Public radio listeners often wear their affection for the medium on their sleeves.  Now, they literally can.

A Milwaukee woman’s design has been chosen as the new official NPR t-shirt, the result of a contest by the website Threadless.  Jessica Roush is a textile designer for Kohl’s Corporation and an avid public radio listener.

Her shirt design features headphones topped with different cityscapes, rural scenes, and suburbia, using the NPR colors (red, white, black, and blue). On the bottom of the shirt, the headphone cords spell out "NPR."

Roush's inspiration came from wearing headphones at work to drown out the foot traffic. She says the contest challenged her design skills.

"Not only is it about sound, duh, which is not easily expressed visually, but I love NPR," she says.

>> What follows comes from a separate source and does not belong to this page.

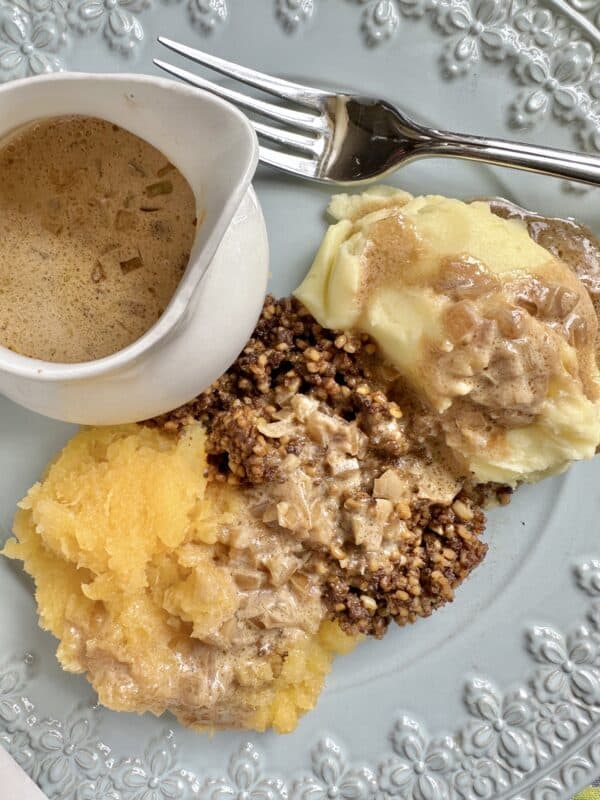 haggis, neeps and tatties on a plate with sauce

More than 150 design submissions were voted on by over 80,000 viewers in Threadless' online design community. At first, Roush thought her winning was a hoax.

Credit Jessica Roush/threadless.com
Roush's early sketches of her winning T-shirt design

"I really didn't believe it until I got the prize package in the mail a week later," she says.

But Roush is no beginner to design; she earned a double degree in textile technology and art and design at North Carolina State. Her work is seen on products sold at one of the country's biggest retailers, Kohl's.

Her graphic designs and painted illustrations appear on household items, ranging from bedding to dinnerware to seasonal decorations sold in the stores.

"Sometimes it's a surprise event...you come in the stores and you see something you (designed) a year before," Roush says. "You see the process from where you began to the final product. It's pretty cool."

Having studied the "science of retail," she knows what colors, prints and shapes are most appealing to consumers. That knowledge likely helped her win the NPR contest, which she says she entered as a "liberating" exercise outside the office.

"Things get chopped, things get changed at work, and sometimes you get really attached to something, and you just can't help it," she says. "And that's why I got into doing work outside of work, I guess you could say."

In addition to listening to public radio, in her spare time Roush paints, experiments with typography and makes items to sell on Etsy.

"My style is not really specific necessarily, so what I'm inspired by and what interests me seems to change daily," she says.

Even though her designs are decorating homes around the country, she says she's already ordered several of the NPR shirts and is excited to give them out to her family and friends.